No voy a decir nada nuevo, pero lo voy a decir de nuevo: el populismo antiintelectual (Damián Tabarovsky aclararía: valga la redundancia) demoniza lo difícil (porque le teme), menosprecia la lectura (porque le aburre), atenta contra el pensamiento (porque lo odia). Y lo hace enmascarando su mezquindad con la sospechosa coartada de facilitar las cosas: al espectador, a los estudiantes, a los hijos. En realidad, la maniobra del antiintelectualismo pone en evidencia el proyecto contrakantiano de infantilización de los adultos (un regreso a la minoría de edad), fundado en el más denigrante concepto de infancia: el niño que no puede, que no sabe, que no entiende.
II.
En las antípodas del populismo antiintelectual, un nombre, José Lezama Lima, y el inolvidable comienzo de La expresión americana: “Sólo lo difícil es estimulante; sólo la resistencia que nos reta, es capaz de enarcar, suscitar y mantener nuestra potencia de conocimiento”.

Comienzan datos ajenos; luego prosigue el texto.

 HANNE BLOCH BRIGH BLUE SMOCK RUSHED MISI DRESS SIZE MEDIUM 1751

Digo en las antípodas porque somos conscientes de que lo difícil supone una demora, un demorarse en el objeto, un cuidado continuo e intensivo, un encuentro tangencial, oblicuo, una madurez incompatible con la urgencia (como el labrador que bajo ninguna circunstancia debe acelerar el brote de su siembra, aunque quiera, aunque lo precise para aliviar su precaria situación).
Además, la voluntad y la disciplina implicadas en el tratamiento de lo difícil necesitan ejercitar su fuerza y tonificarse, y nada menos alentador para ellas que la eliminación de los obstáculos promovida por la pedagogía new age: son los obstáculos (y el esfuerzo) los que motivan la inteligencia, no su disolución.

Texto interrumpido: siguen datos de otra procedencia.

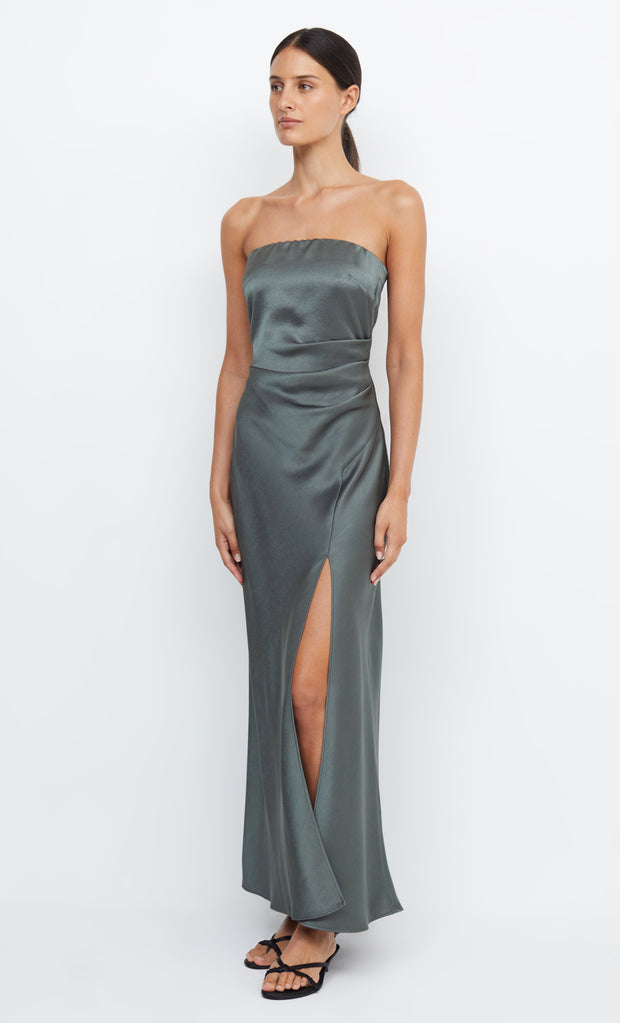 THE DREAMER STRAPLESS DRESS - DARK WILLOW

O de otro modo: si uno camina constantemente en el llano se atrofian los músculos requeridos para trepar la montaña (no tiene que sorprendernos entonces que en nuestros días la ley de la vida sea la siguiente: frente a lo arduo, la deserción; frente a lo complejo, el abandono; frente al aprieto, la renuncia).

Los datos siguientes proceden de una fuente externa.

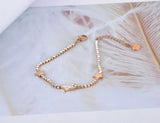 Rhinestone Star Charm Bracelet Stainless Steel CZ Link Chain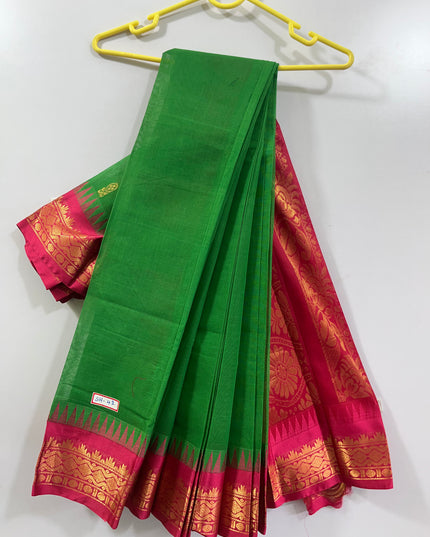 Two Side Border Gadwal Handloom Cotton Saree with Green Colour & Pink border Rich Pallu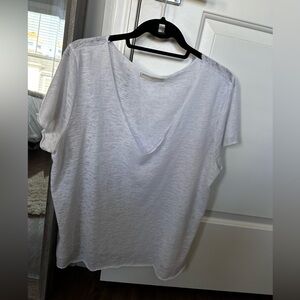 Urban Outfitters White Slub V-Neck Tee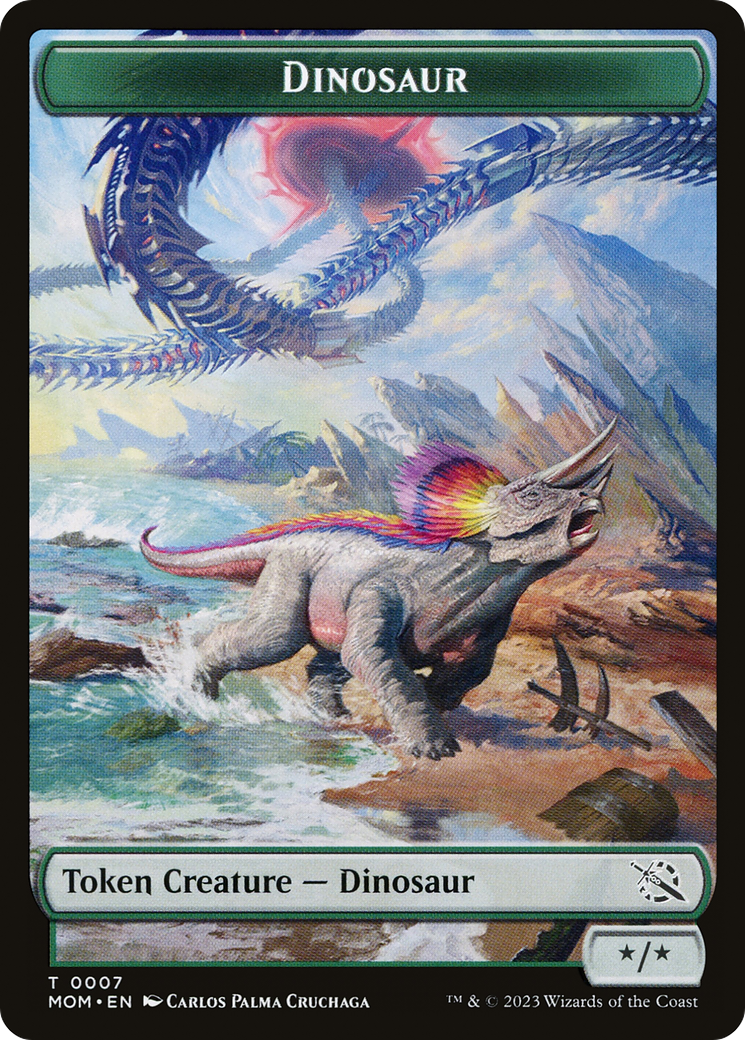 Treasure (20) // Dinosaur Double-Sided Token [March of the Machine Tokens]-2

Ahora bien, ¿en lugar de imaginar lo difícil como una instancia a superar, no podríamos subvertir los valores y concebirlo como una aspiración estética? Navegar en las aguas turbias de lo difícil, que la dificultad convoque al sentido, que no haya más acá o más allá, ni ninguna meta ulterior. El planteo apunta a esquivar el negocio de la comprensión para abrirle el paso a “una marcha meticulosa del pensamiento, de una contemplación del detalle, de la letra, del tiempo silencioso”. En un mundo apasionado “por las líneas rectas y los caminos cortos, cuando el sentido común restableció su imperio del pensamiento, la lentitud y la curva […] se volvieron la forma moderna de la valentía filosófica” (Catherine David sobre Jacques Derrida).
La valentía de pensar. El coraje de arrojarse a abismos insondables. Porque la intelectual no es sino una voluntad de riesgo (y de dominio, por supuesto). Pensar es siempre pensar lo difícil, o sea, lo impensable de cada período histórico. Pensar es dejarse atravesar por la mugre, por lo que sobra, por lo inútil, lo inoperante, por aquello que no sirve para triunfar en los asuntos ordinarios ni aporta soluciones concretas a la vida diaria. Pensar es siempre sin garantías, sin red de contención. Si pensamos debemos estar dispuestos a morir por pensar.
III.
Una de mis grandes experiencias juveniles fue leer el Rey de los Alisos (1970), de Michel Tournier. En esa novela delirantemente humana brilla un oscuro comentario sobre el antiintelectualismo nazi que, según parece, goza de buena salud: “Todavía no conocía [el profesor Otto Essig] el odio que en aquella sociedad despertaba cualquier manera de pensar y hablar que se apartase de lo vulgar”.